Lawyer and Trade Marks Attorney

Infringement of copyright

Last updated

1 July 2022

Actions that are exclusive rights of the copyright owner

If you do any of the things that are exclusive rights of the copyright owner without the owner’s consent, you will infringe copyright, unless one of the exceptions set out in the Copyright Act 1968 (Cth) (‘Copyright Act’) applies.

The following section deals with practical issues that often arise in deciding whether a copyright infringement has taken place.

Have I reproduced the work?

You must have used the original work to produce the reproduction. If you have created a very similar work independently, without reference to the original work, it is not a reproduction. However, the copying doesn’t have to be deliberate; if you have been exposed to the original work, do not consciously remember it, but unconsciously copy it, the copy is still a reproduction. A famous example is George Harrison’s unconscious use of ‘He’s So Fine’ in composing ‘My Sweet Lord’.

Where it can be proved that two works are objectively similar, and the author of the second work has had access to the first work, a court is likely to conclude that the second work is a reproduction of the first work, unless the author of the second work can provide some evidence of independent creation. Conversely, if it is proved that the author of the second work has made conscious use of the first work, it is very likely that a court will hold that there is sufficient objective similarity to constitute infringement.

A reproduction need not be made directly from the original work. For example, if you make a copy of a photograph of a picture, the copy is a reproduction of both the photograph and the picture. In Data Access Corporation v Powerflex Services Pty Ltd [1999] HCA 49, the High Court held that the reproduction of a numerical table forming part of a computer program, which was achieved by a process of reverse engineering rather than direct copying, was still a reproduction.

An artistic work can be reproduced from two dimensions to three dimensions and vice versa (s 21(3) Copyright Act); therefore, a house is a reproduction of its architectural plans.
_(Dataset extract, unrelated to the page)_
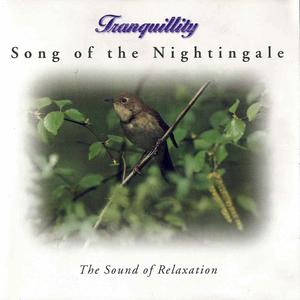 Song Of The Nightingale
If you copy characters and plots from a work of fiction or drama but use a different language to tell the story, you may reproduce the original work. For example, the 1967 Disney ‘book of the film’ of The Jungle Book did not use the same language as Rudyard’s Kipling’s book, but it is still recognisable as a reproduction of a substantial part of Kipling’s book. Taking the underlying idea of a book (e.g. a child brought up by wolves), but not copying the way in which Kipling developed the character of Mowgli or copying specific incidents from The Jungle Book, would not be a reproduction of Kipling’s work. (Note that, because Kipling died in 1936, The Jungle Book is now out of copyright in Australia – see ‘Duration of copyright’.)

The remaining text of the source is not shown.